Wrangler concepts

Wrangler uses the concepts of record, column, directive, recipe, transformation step, and data pipeline.

Record

A record is a collection of field names and field values.

In this documentation, a record is shown as a JSON object with an object key representing the column names and a value shown by the plain representation of the the data, without any mention of types.

For example:

{
  "id": 1,
  "fname": "root",
  "lname": "joltie",
  "address": {
    "housenumber": "678",
    "street": "Mars Street",
    "city": "Marcity",
    "state": "Maregon",
    "country": "Mari"
  },
  "gender": "M"
}

Column

A column is a group of field values of any of the supported data types.
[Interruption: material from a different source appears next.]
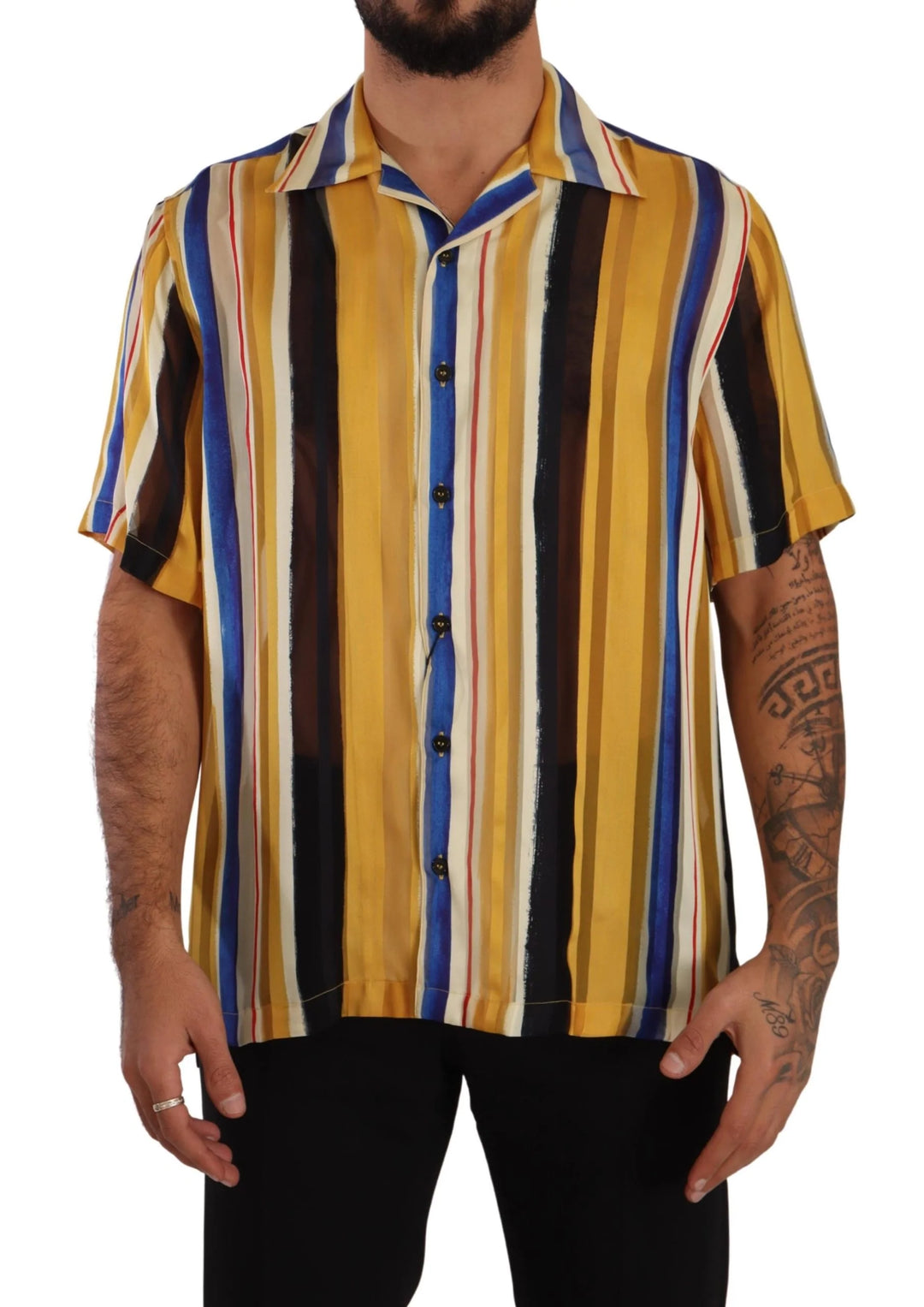 Dolce & Gabbana Yellow Striped Short Sleeve Silk Shirt #men, Dolce & Gabbana, feed-1, IT40 | M, Shirts - Men - Clothing, Yellow at SEYMAYKA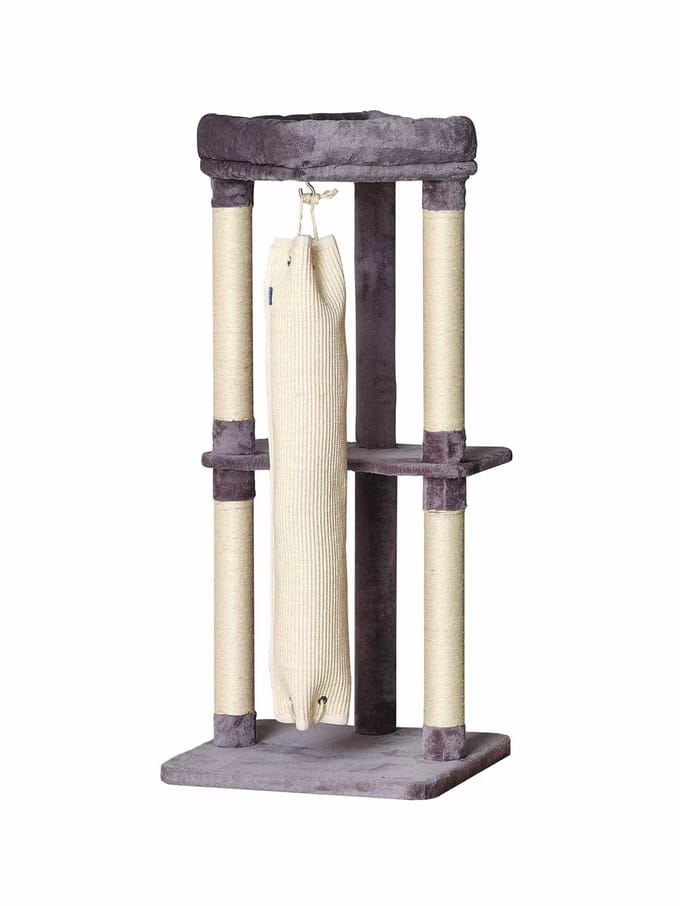 Quapas! Krabpaal met Klimzak - 60 x 60 x 136cm Grijs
Each field value is part of one record.

Directive

A directive is a single data manipulation instruction, specified to either transform, filter, or pivot a single record into zero or more records. A directive can generate one or more steps to be executed by a data pipeline.

A directive can be represented in text in this format:

<command> <argument-1> <argument-2> ... <argument-n>

Recipe

A recipe is a set of directives. It consists of one or more directives. For example, the following recipe changes the data type of Fare to integer:

Transformation step

A transformation step is an implementation of a data transformation directive, operating on a single record or set of records. A transformation step can generate zero or more records from the application of a directive. Pipeline Studio applies the transformation steps in the order listed in the recipe.

Data pipeline

A data pipeline is a collection of stages to be applied on a record. The record(s) outputted from a stage are passed to the next stage in the pipeline.